"""
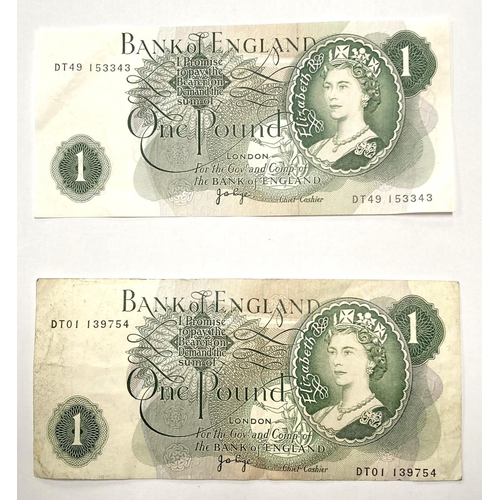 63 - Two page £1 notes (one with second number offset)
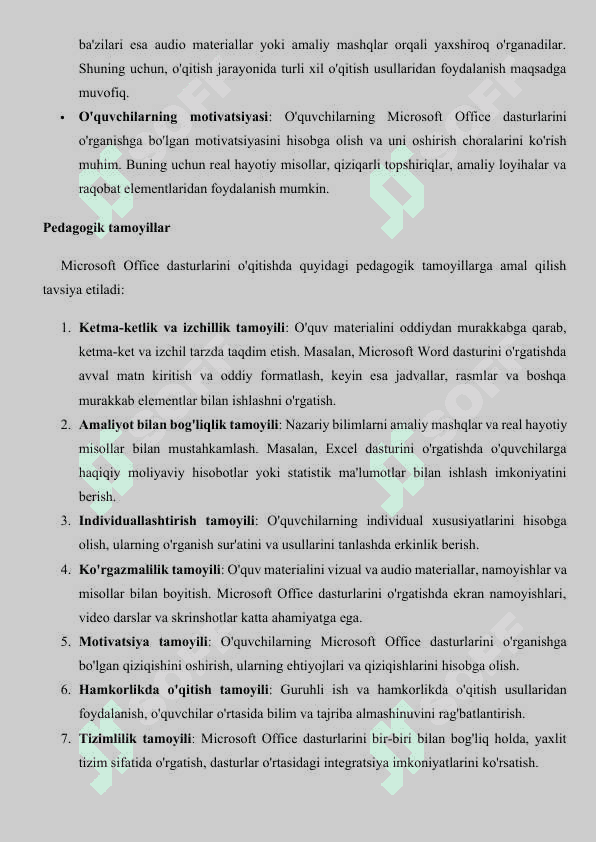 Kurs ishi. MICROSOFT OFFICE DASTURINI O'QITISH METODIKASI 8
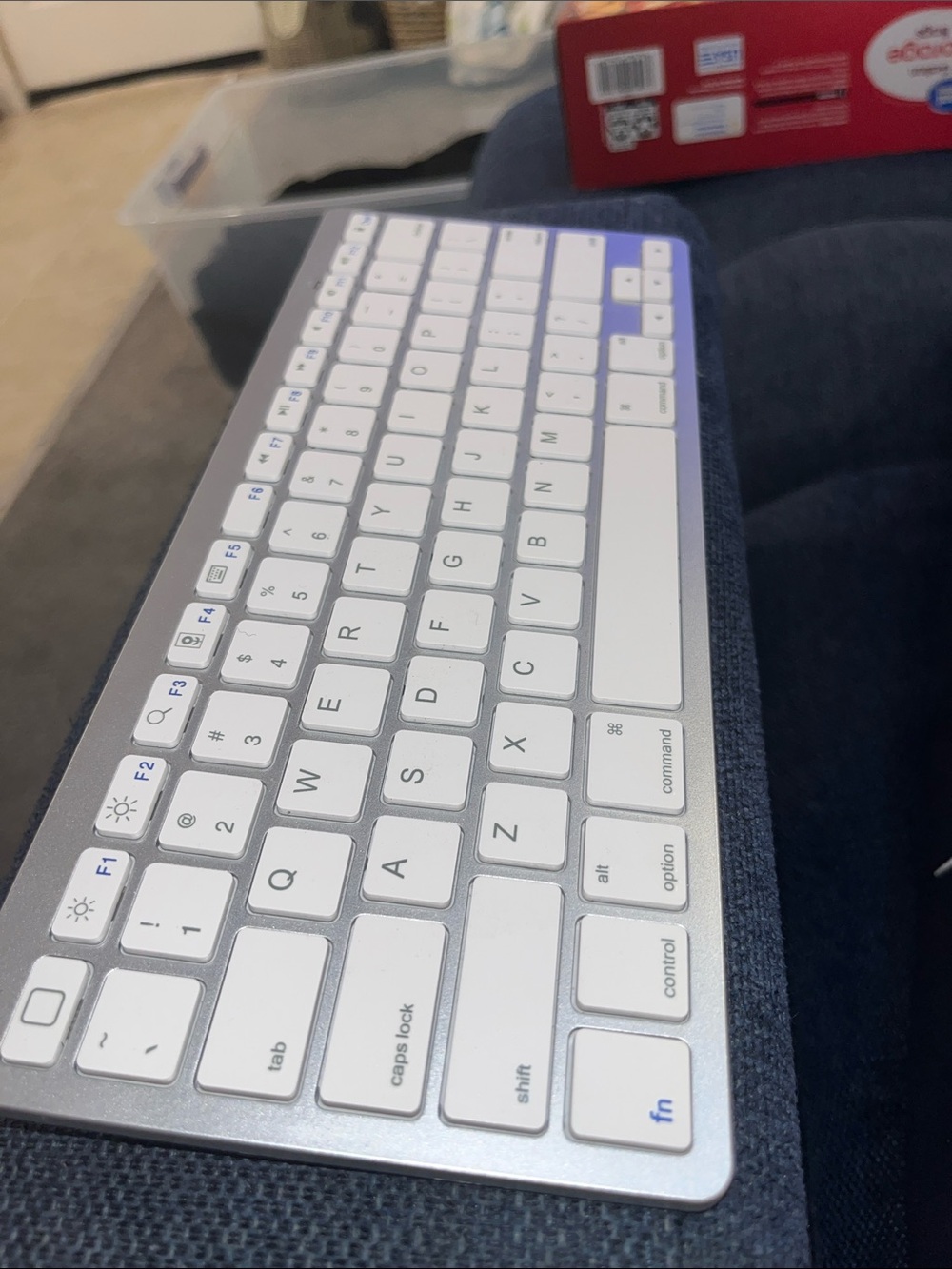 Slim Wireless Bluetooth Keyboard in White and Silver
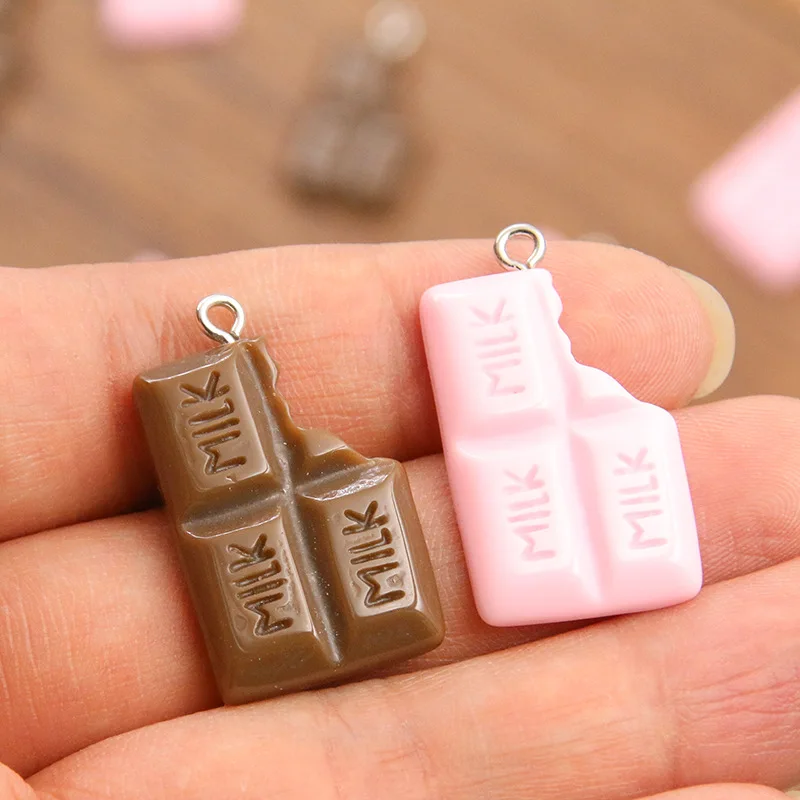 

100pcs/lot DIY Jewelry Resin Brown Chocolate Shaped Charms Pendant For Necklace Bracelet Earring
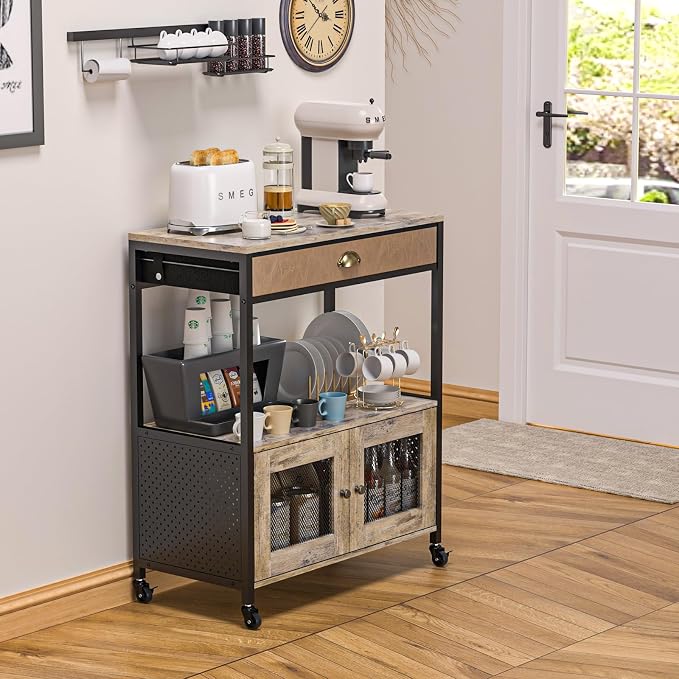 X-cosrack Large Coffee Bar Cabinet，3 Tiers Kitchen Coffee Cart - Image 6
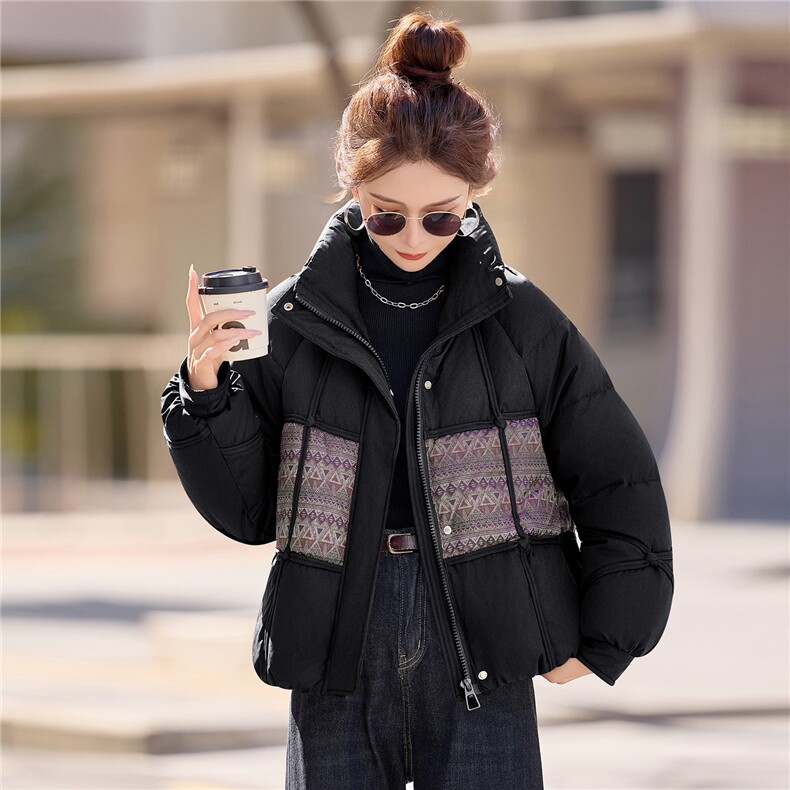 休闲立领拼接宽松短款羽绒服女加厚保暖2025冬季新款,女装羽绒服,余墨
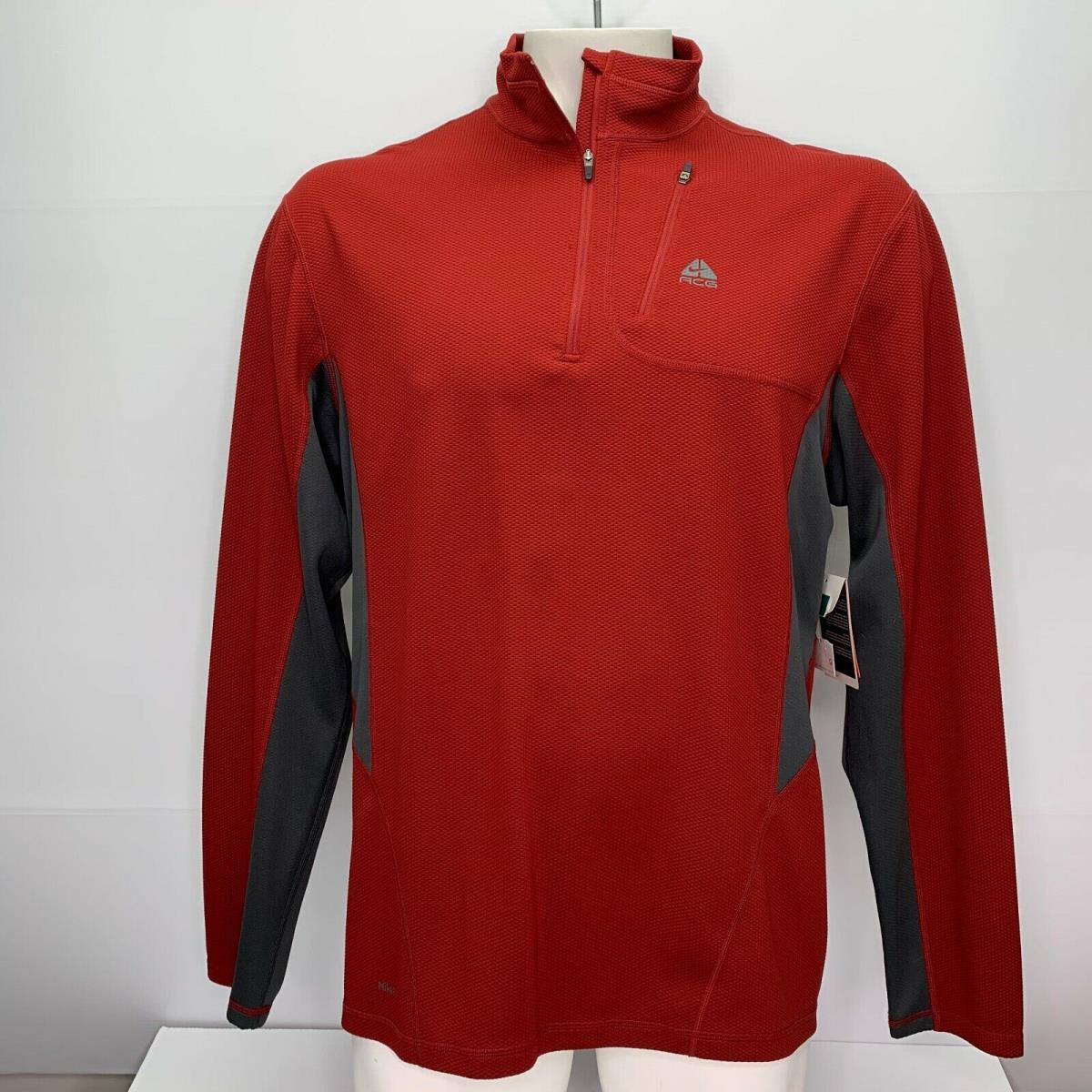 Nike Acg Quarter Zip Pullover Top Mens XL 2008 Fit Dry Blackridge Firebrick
"""
◆ **Exercise brief**: This task calls for restating, word for word, each line from the line holding "X-cosrack Large Coffee" through the end of the material, pictures left out.

◆ **Answer below**:
 X-cosrack Large Coffee Bar Cabinet，3 Tiers Kitchen Coffee Cart - Image 6
 休闲立领拼接宽松短款羽绒服女加厚保暖2025冬季新款,女装羽绒服,余墨
 Nike Acg Quarter Zip Pullover Top Mens XL 2008 Fit Dry Blackridge Firebrick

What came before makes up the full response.